Rushing to the dormitory, Aleswina was just about to cross the courtyard when she saw a dark shape emerge from the stairwell. She stopped, stepped back into the shadows, and stood frozen, letting Sister Harthwreg, the bell ringer, pass by. Then, with only moments before she’d be discovered out of bed, she lifted her skirts and ran for the stairs. She raced up, taking two steps at a time, and reached the top gasping and out of breath. Now if only she could get down the hall and into her room before—
It was too late! At the far end of the dimly lit corridor, the unmistakable figure of the under-prioress, Sister Durthena, stood just outside Aleswina’s door, her sword-straight posture making her look taller than she was.

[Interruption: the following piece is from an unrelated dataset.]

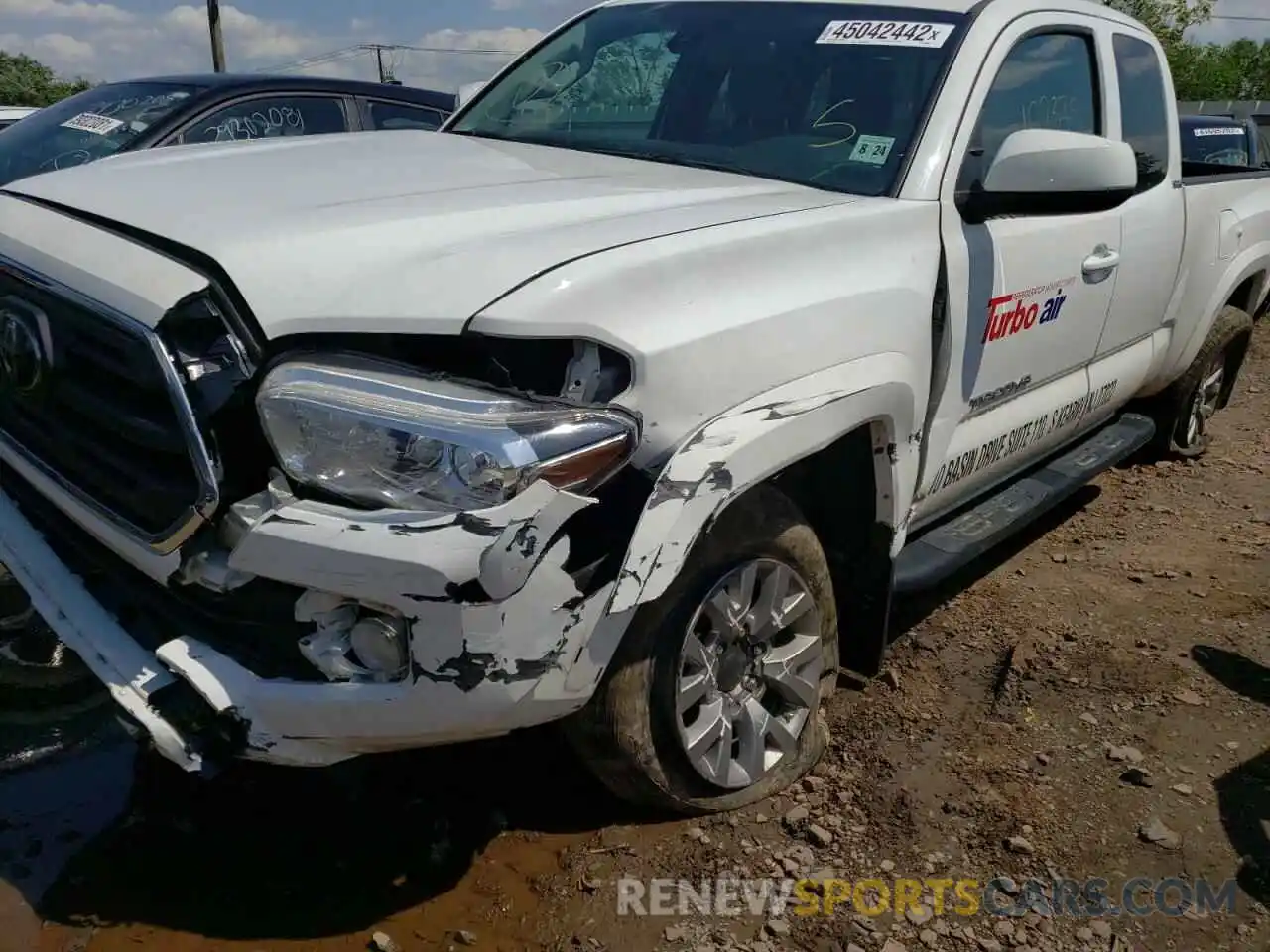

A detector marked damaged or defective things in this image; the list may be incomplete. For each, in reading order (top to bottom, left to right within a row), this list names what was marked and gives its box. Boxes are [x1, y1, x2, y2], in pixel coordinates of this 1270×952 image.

Acting on instinct, Aleswina stepped out into plain view and walked straight down the center of the corridor. Emboldened by the startled, almost guilty, look on Durthena’s face, Aleswina made the convent’s hand signal for “I had to go to the latrine.” Before the under-prioress could lift her hand to respond, Aleswina edged her way past, slipped into her room, and closed the door.
Her room was small and spare, with barely enough space for a narrow cot, a tiny side table, and a clothes cabinet in the corner by the window. She took off her night habit as she crossed the short distance from the door to the dresser and let it fall in a crumpled heap beside the bed. She was pulling her day habit on over her head when the first peal of the chapel bells rang out. By the second peal, she was tucking in her hair and straightening her veil. On the third, she opened her door just in time to join the line on its way to the chapel to say the prayers for the dead.
The prayers for the dead, conducted halfway between midnight and dawn, might more precisely have been called the prayers for the royal dead. This was not because the convent’s founder and namesake had any doubts that the love of Jesus was infinite and all-encompassing; it was because Edeth had promised King Theobold that in exchange for the endowment she needed to erect the abbey’s bell tower, he and his family would have the nuns’ exclusive prayers to speed their path through purgatory—and, realistically, including the dead of all classes in a time of frequent famines, recurring plagues, and almost constant warfare would have taken too long.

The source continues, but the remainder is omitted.